Interests in this Note may be exchangeable in whole or in part for
duly executed and issued definitive registered Notes if so provided in Article 2
of the Base Indenture, with the applicable legends as marked therein, subject to
the provisions of the Base Indenture.
Reference is made to the further provisions of this [Class A-1]
[Class A-2] [Class A-3][Class A-4] Note set forth on the reverse hereof, which
shall have the same effect as though fully set forth on the face of this [Class
A-1] [Class A-2] [Class A-3][Class A-4] Note. Although a summary of certain
provisions of the Indenture are set forth below and on the reverse hereof and
made a part hereof, this [Class A-1] [Class A-2] [Class A-3][Class A-4] Note
does not purport to summarize the Indenture and reference is made to the
Indenture for information with respect to the interests, rights, benefits,
obligations, proceeds and duties evidenced hereby and the rights, duties and
obligations of AESOP Leasing, AESOP Leasing II, ARAC and the Trustee. A copy of
the Indenture may be requested from the Trustee by writing to the Trustee at:
The Bank of New York, 000 Xxxxxxx Xxxxxx, 00xx Xxxxx, Xxx Xxxx, Xxx Xxxx 00000.

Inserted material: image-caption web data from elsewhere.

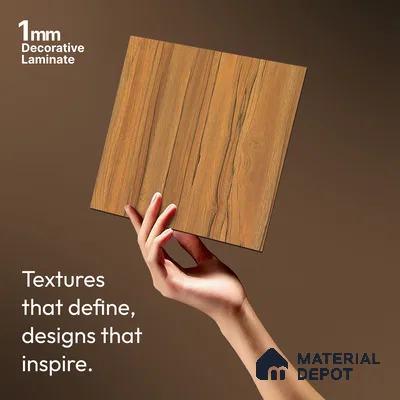 Wooden Look LM 19395 Apple Wood Uk 8 ft x 4 ft Suede Finish Decorative Laminate - 1 mm | Suitable for TV Unit, Wardrobe, Kitchen Cabinets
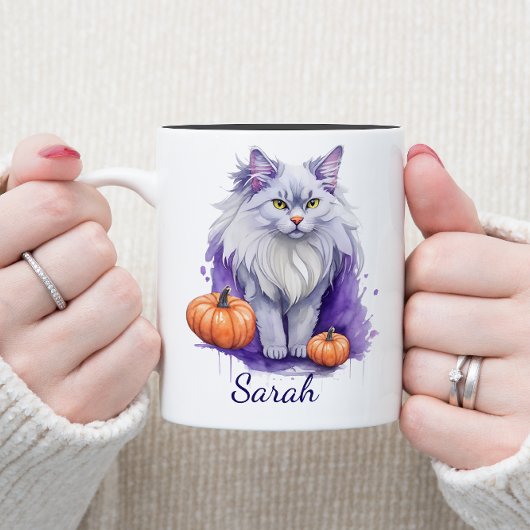 Halloween waterverf angora kat met pompoen tweekleurige koffiemok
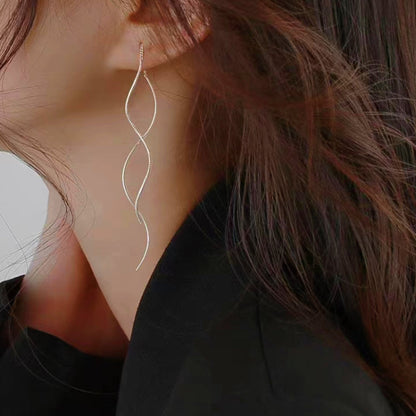 Wavy Tassel Threader Earrings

To the extent not defined herein, the capitalized terms used herein have the
meanings ascribed to them in the Indenture.
Unless the certificate of authentication hereon has been executed by
the Trustee whose name appears below by manual signature, this [Class A-1]
[Class A-2] [Class A-3][Class A-4] Note shall not be entitled to any benefit
under the Indenture referred to on the reverse hereof, or be valid or obligatory
for any purpose.
A-3
IN WITNESS WHEREOF, the Company has caused this instrument to be
signed, manually or in facsimile, by its Authorized Officer.
Date:_________
AESOP FUNDING II L.L.C.
By
--------------------------------
Name:
Title:
TRUSTEE'S CERTIFICATE OF AUTHENTICATION
This is one of the [Class A-1] [Class A-2] [Class A-3][Class A-4]
Notes issued under the within-mentioned Indenture.
The Bank of New York, as Trustee
By
--------------------------------
Authorized Signatory
A-4
[REVERSE OF [CLASS A-1] [CLASS A-2] [CLASS A-3][CLASS A-4] NOTE]
This [Class A-1] [Class A-2] [Class A-3][Class A-4] Note is one of a
duly authorized issue of [Class A-1] [Class A-2] [Class A-3][Class A-4] Notes of
the Company, designated as its Rental Car Asset Backed Auction Rate Notes
(herein called the "Series 2001-2-Notes"), all issued under (i) an Amended and
Restated Base Indenture dated as of July 30, 1997 (such Base Indenture, as
amended, supplemented or modified, is herein called the "Base Indenture"),
between the Company and The Bank of New York, as successor in interest to the
corporate trust administration of Xxxxxx Trust and Savings Bank, as trustee (the
"Trustee", which term includes any successor Trustee under the Base Indenture),
and (ii) a Series 2001-2 Supplement dated as of May [ ], 2001 (the "Series
2001-2 Supplement") among the Company, the Trustee and The Bank of New York, as
Series 2001-2 Agent. The Base Indenture and the Series 2001-2 Supplement are
referred to herein as the "Indenture" The [Class A-1] [Class A-2] [Class
A-3][Class A-4] Notes are subject to all terms of the Indenture. All terms used
in this [Class A-1] [Class A-2] [Class A-3][Class A-4] Note that are defined in
the Indenture, as supplemented or amended, shall have the meanings assigned to
them in or pursuant to the Indenture, as so supplemented or amended.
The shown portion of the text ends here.